A graphical user interface (GUI) was coded in python. This GUI instructs the user to upload a .csv
file containing a dataset with an outcome (y) and predictor(s) (x). The back-end code then read in the data. The next screen of the GUI then instructs the user of which variable is the outcome and which are the predictors. Next, the user selects the types of data (binary, categorical, discrete, or continuous) for each outcome and predictor. The GUI will then have different options for the tool to generate which the user can select through square checkboxes, including:
- Boxplots:
Shows the five-number summary of sets of data. It is helpful for comparing distributions across groups and reveal any potential outliers. - Scatterplot matrix:
Displays scatterplots of the outcome on each continuous predictor. It shows the relationship between the outcome and predictors. - Correlation matrix:
Exhibits a heatmap of the correlation coefficients between continuous predictors. It is useful to investigate the dependence between multiple variables at the same time and examine if there is multicollinearity. - Histograms:
Displays the distribution of each continuous or discrete variable in the dataset. It is useful to show where the peaks of the distribution are, whether the distribution is skewed or symmetric, and any potential outliers. - Pairplots:
Plots pairwise relationships of continuous variables in the dataset. A grid of axes is created with each numeric variable as the y-axes of a single row and the x-axes across a single column.
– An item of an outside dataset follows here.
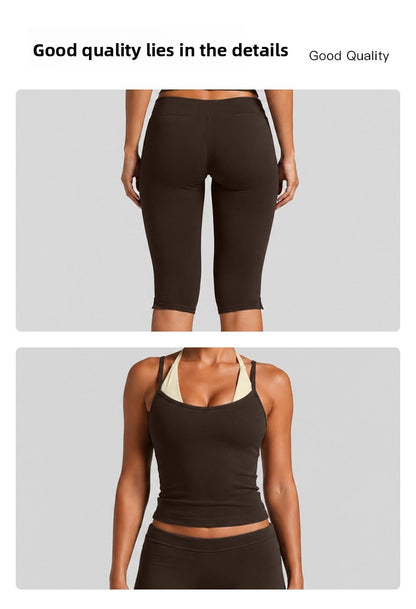 Color Block Sport Yoga Jumpsuit For Women Featuring Backless Design And Stretchy Nylon Fabric, Calf-Length Pants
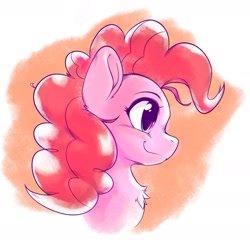 Size: 1427x1379 | Tagged: safe, artist:kurogewapony, imported from derpibooru, pinkie pie, earth pony, pony, blushing, bust, chest fluff, cute, diapinkes, female, happy, mare, portrait, simple background, smiling, solo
Once the user submits their selection, a new folder will be created within the local directory. Graphical displays will be outputted as .png
files in the folder.
To install Python and all necessary packages listed in Requirements.txt
, please refer to Python Packaging Installation Instructions.
To install Git, please refer to Git Guides.
To install Pytest, please refer to Pytest Documentation.
Data should be recorded in a .csv
file with columns being each variable. Each column should have a header/variable name, in the first row.
The accepted variable types are:
- Binary
- Categorical
- Discrete
- Continuous
The following .py
scripts should be downloaded and saved in the same folder within your local drive:
Variable_Class.py
final_project_main.py
plots.py
The Variable class is initialized as: Variable(name: str, values: list)
.
Each instance of the Variable class stores attributes for a single variable listed as a column in the uploaded dataset.
The Variable class has the following instance attributes:
- name
- values
The Variable class has the following properties:
- get_type
- get_x_or_y
The method set_type(self, var_type: str)
is used to set the variable type for the variable. The variable type can be set as "Binary", "Categorical", "Discrete", or "Continuous". A ValueError is raised if the inputted var_type
is not one of the four types previously listed. Calling upon get_type
will return the variable type as a str set from set_type
.
The method set_x_or_y(self, x_or_y_type: str)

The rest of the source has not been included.